Het toezicht op de activiteiten zal, zoals nu, gericht zijn op steunaanvragers en de met hen verbonden ondernemingen.

2. Afwijkingsmogelijkheden op basis van het niveau van de werkelijke inkomsten

- Ofwel bedraagt het jaarlijkse bedrag aan rechtstreekse betalingen minstens 5% van de totale opbrengsten uit deze niet-landbouwactiviteiten in de loop van het laatste belastingjaar waarvoor de landbouwer over bewijzen beschikt.

- Ofwel zijn de landbouwactiviteiten van de landbouwer niet verwaarloosbaar (het landbouwinkomen vertegenwoordigt minstens 1/3 van het totale inkomen).

Vrijstelling

Voor de programmering 2023-2027 zal elke landbouwer die in het voorgaande jaar een totaalbedrag aan rechtstreekse betalingen van niet meer dan 350 euro heeft ontvangen, niet worden onderworpen aan controles op basis van de criteria voor actieve landbouwers. Hij zal namelijk automatisch worden beschouwd als een 'actieve landbouwer'.

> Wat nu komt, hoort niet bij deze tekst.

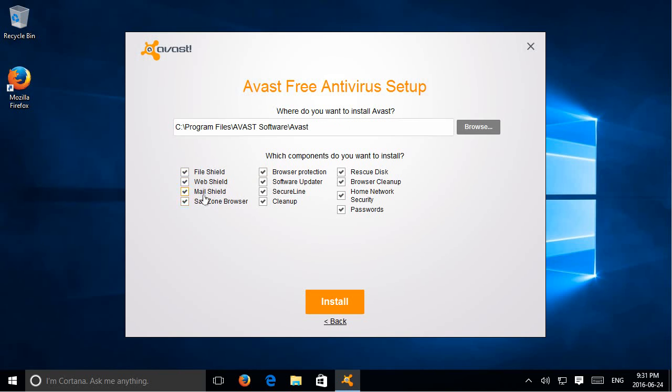File Shield, Webmail, Safe Zone, Rescue, Home Network. Alright, that all looks good to me. If there's anything that you want to uncheck, of course you can go ahead and do so. Now click on the install button.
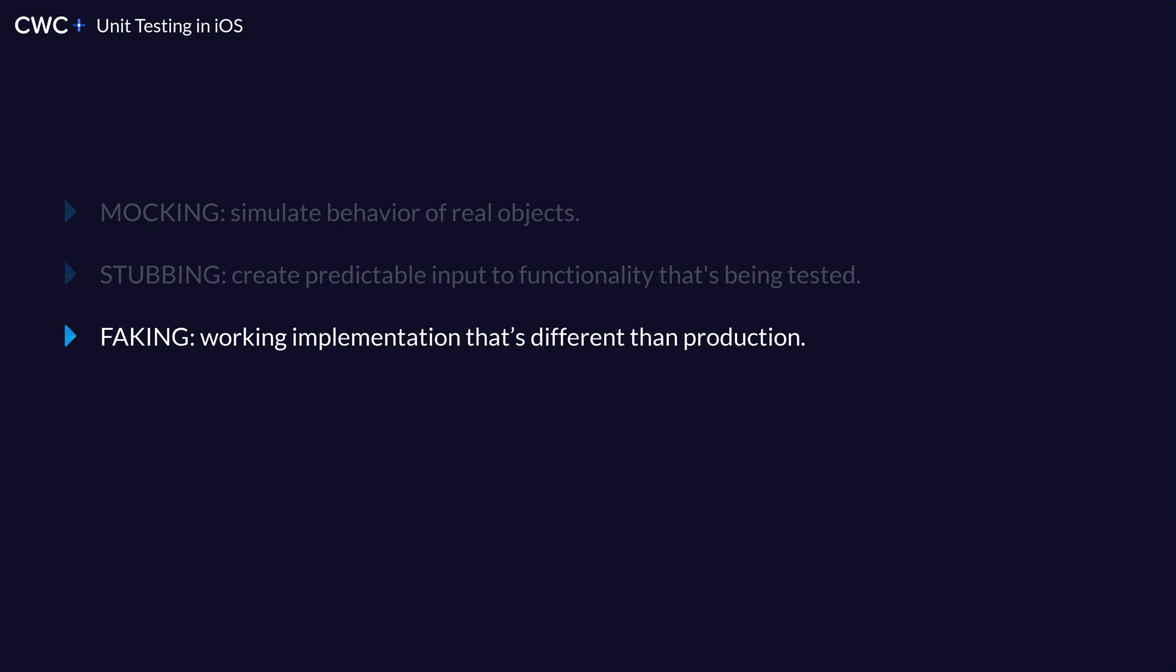So let's first look at faking because all of these are very similar. Faking is when we have a working implementation, but it's different than production. So this would mean we could instead of saving data to our database, we could save data to user defaults or to in memory because this would essentially work, but we are completely changing what the actual implementation of it is because we want to simplify it.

Uiterste datum voor landbouwers die steun aanvragen om als actieve landbouwers te gelden

De uiterste datum voor landbouwers die steun aanvragen om als actieve landbouwers te gelden, is 31 mei van het jaar van de aanvraag.

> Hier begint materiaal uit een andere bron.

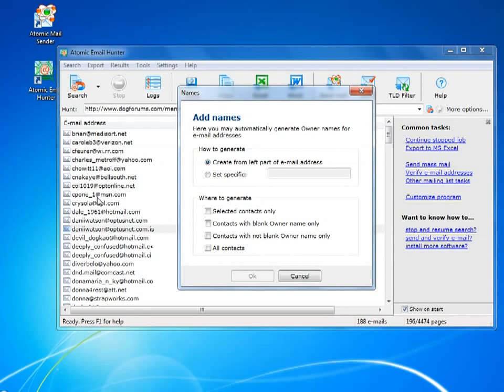Sometimes you want to personalize your mailings. So you can add names or whatever right after you have found the email and before you forget where it was.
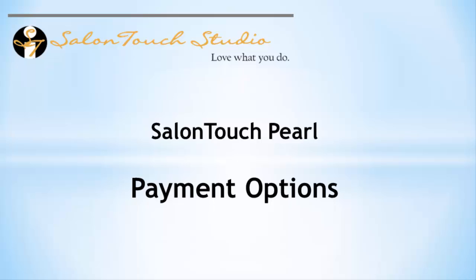Hello and welcome back to the Salon Touch video channel. In this video we're going to take a look at the methods of payment within Salon Touch.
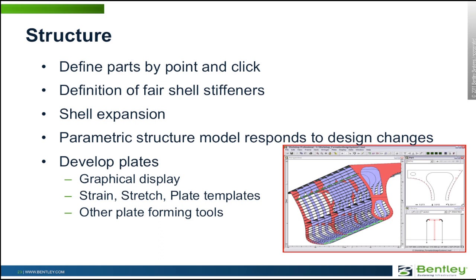It also has some other ship specialty functions like shell expansion, and it allows us to develop out those plates and explain some of the concepts of shell plate curvature and the effects on constructability.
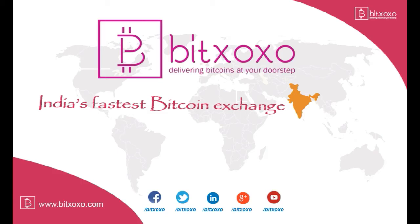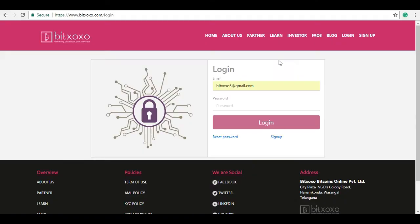Hi guys, welcome to Bitxoxo channel. Please don't forget to subscribe our channel for latest updates and check description box below for Bitxoxo website and social media page links. In this video I'm going to show you how to deposit INR to Bitxoxo account. Please follow the instructions carefully.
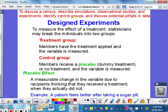Now I'm going to go through a couple of these different designed experiments. To measure the effect of a treatment, you need a treatment group and a control group. A treatment group consists of the members that are going to have the treatment actually done to them, and you measure if the variable worked. A control group is where members receive a placebo or a dummy treatment, or many times just nothing happens at all, and you still observe what the person does.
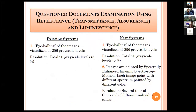Question document examination using reflectance, transmittance, absorbance and luminescence is a combination of multispectral spectrum. Existing systems have only the facility of eyeballing images visualized at 256 grey scale levels. In the new hyperspectral imaging system, images are painted by spectral-enhanced imaging spectroscopy, with each image point painted by a different color spectrum. Resolution is very high — several tens of thousands of different individual colors — versus the existing system's 20 grey scale levels up to 5%.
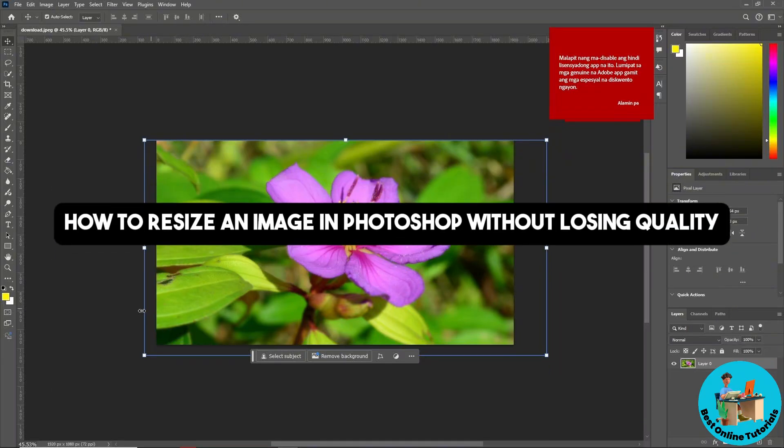Hey guys, welcome back to the channel. This is how to resize an image in Photoshop without losing quality.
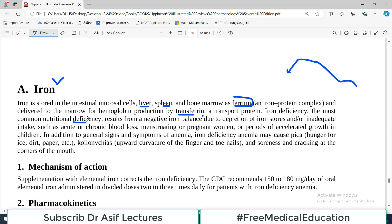Iron deficiency is the most common nutritional deficiency. The consequences include low hemoglobin concentration and RBC count, resulting in anemia. It results from a negative iron balance due to depletion — for example, blood loss during menstruation or increased iron demand such as in pregnancy. These are all conditions where iron deficiency can arise.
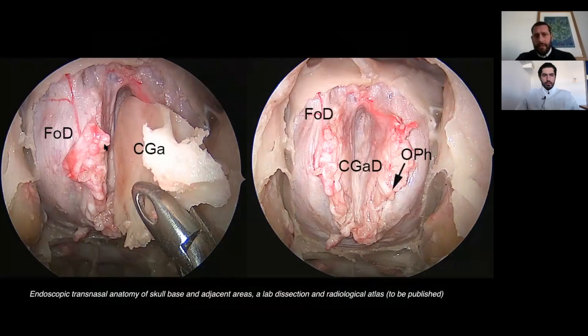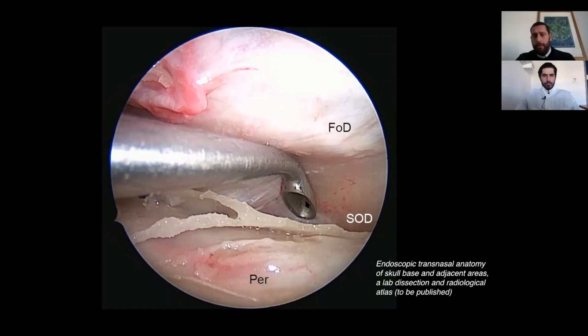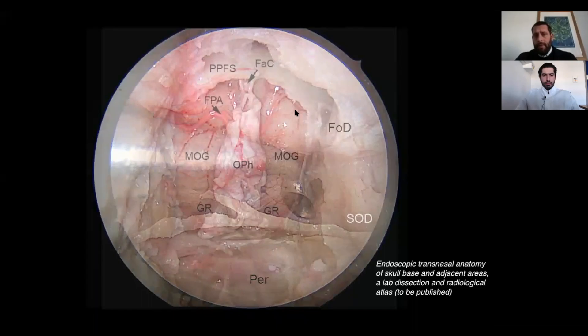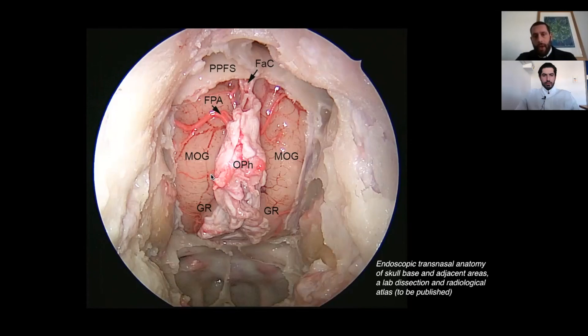Removal of the crista galli is another very important step; otherwise you cannot remove the dura when needed. This is the area where the crista galli was removed. Whenever you have to remove the dura, this is a critical step. You must always dissect the dura very well from the surrounding bone at the margin of your bone defect, because after removal of the dura it will be very difficult to place your reconstruction layer if you haven't done this dissection beforehand.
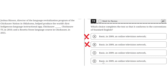Choice D — 'basic, comma, and 2009, comma, and online television network, comma' — is wrong because it doesn't include any semicolons, and semicolons are needed to separate the elements in a complex series. So D is incorrect, and the correct answer is C.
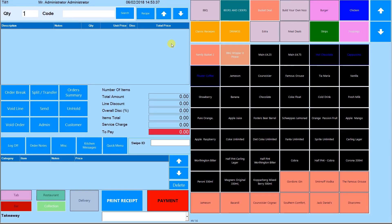In this video I'm going to show you how to make a transaction in the hospitality till. This is the hospitality till — here are the hotkeys for categories, subcategories and products, and here are the order types and till functions.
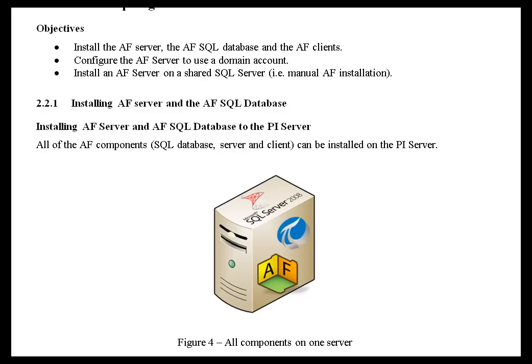AF can be installed on a single machine or on multiple machines. It can even be installed on the same machine that's running your PI Server. And we'll go over all that. By the way, if you want to actually see an installation, just skip forward to Section 2.3.5. It's an exercise at the end of this chapter. We demonstrate installing at that point.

Deze termijn geldt niet voor de vestigings- en investeringssteun in de sectoren landbouw, aquacultuur en tuinbouw en evenmin voor coöperaties en andere ondernemingen die zich toeleggen op de primaire verwerking en de afzet in de sectoren agrovoeding en bosbouw. De landbouwer die steun aanvraagt, is actief voor elke steunaanvraag.

Bij wijze van uitzondering is elke ervaring die is gevalideerd door het Installatiecomité geldig voor het jaar waarin het zijn advies uitbrengt.